When core systems go down, the clock starts immediately: on payroll, supplier payments, production, regulatory obligations, client commitments. Every day without execution is a day your counterparties start looking for alternatives.

Recent incidents show what "a few weeks of disruption" actually means in practice: hundreds of millions in losses. These are not edge cases. For any large enterprise, a 4-week operational freeze represents 5 to 30% of annual operating profit; before reputational damage, regulatory scrutiny, and the client relationships that don't come back.
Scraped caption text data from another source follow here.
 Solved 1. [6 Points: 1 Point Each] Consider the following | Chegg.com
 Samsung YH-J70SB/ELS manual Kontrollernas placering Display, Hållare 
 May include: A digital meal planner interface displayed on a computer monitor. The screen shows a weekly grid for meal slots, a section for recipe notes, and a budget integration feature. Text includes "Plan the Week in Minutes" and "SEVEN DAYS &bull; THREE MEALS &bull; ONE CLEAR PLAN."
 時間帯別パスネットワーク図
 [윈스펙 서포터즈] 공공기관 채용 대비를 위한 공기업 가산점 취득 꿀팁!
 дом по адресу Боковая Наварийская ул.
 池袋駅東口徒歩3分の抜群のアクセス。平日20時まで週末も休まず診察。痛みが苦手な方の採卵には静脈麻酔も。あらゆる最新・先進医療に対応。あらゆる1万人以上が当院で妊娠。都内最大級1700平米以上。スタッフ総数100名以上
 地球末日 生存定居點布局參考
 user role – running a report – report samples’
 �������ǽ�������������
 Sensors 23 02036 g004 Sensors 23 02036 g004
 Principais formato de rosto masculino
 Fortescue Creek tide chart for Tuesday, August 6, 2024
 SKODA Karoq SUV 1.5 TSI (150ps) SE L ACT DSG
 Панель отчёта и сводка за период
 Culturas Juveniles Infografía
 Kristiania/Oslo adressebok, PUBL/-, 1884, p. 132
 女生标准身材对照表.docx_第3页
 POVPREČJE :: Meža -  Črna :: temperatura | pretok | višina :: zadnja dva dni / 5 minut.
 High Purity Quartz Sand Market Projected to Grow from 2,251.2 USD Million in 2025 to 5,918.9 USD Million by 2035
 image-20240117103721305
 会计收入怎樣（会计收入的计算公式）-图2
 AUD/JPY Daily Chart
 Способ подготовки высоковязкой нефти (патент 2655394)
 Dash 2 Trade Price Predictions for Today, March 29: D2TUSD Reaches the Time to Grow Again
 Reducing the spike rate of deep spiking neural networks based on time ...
And yet, most large enterprises still rely on the same approach: documented continuity plans, built for audit, not for execution. Plans that assume systems will be available. Plans that have never been tested under real conditions.

Retail example

Marks & Spencer (M&S)

~£300m expected impact on operating profit.
~30% of FY25 operating profit.

Manufacturing example

Jaguar Land Rover (JLR)

~£196m declared exceptional direct costs.
~8.0% of FY25 operating profit.

Operational resilience is not an IT problem. It is a business survival problem and it belongs on the executive agenda, not in a risk register.

THE FRAMEWORK

Minimum Viable Company keeps the essentials running no matter the disruption.

A Minimum Viable Company is the minimal set of critical processes and data that an organization must keep executable to sustain its essential operations through a major disruption. It is an execution posture, not a documentation exercise.

1
Vital Activities The handful of business outcomes your organization must preserve no matter what: usually Deliver Core Services, Serve & Monetize Customers, Protect People & Sites, Execute Critical Payments, Communicate & Comply.
2
Critical Processes The step-by-step procedures that deliver each vital activity, pre-designed, governance-ready, and executable without your primary IT systems. Every process activated is one less vulnerability in a crisis. Built once, available instantly when needed.
3
Needed Data The specific datasets each process needs to make decisions and execute. Sourced from your existing systems, stored independently, kept fresh.

WHERE TO START

Start with Finance Continuity. Expand to full MVC over time.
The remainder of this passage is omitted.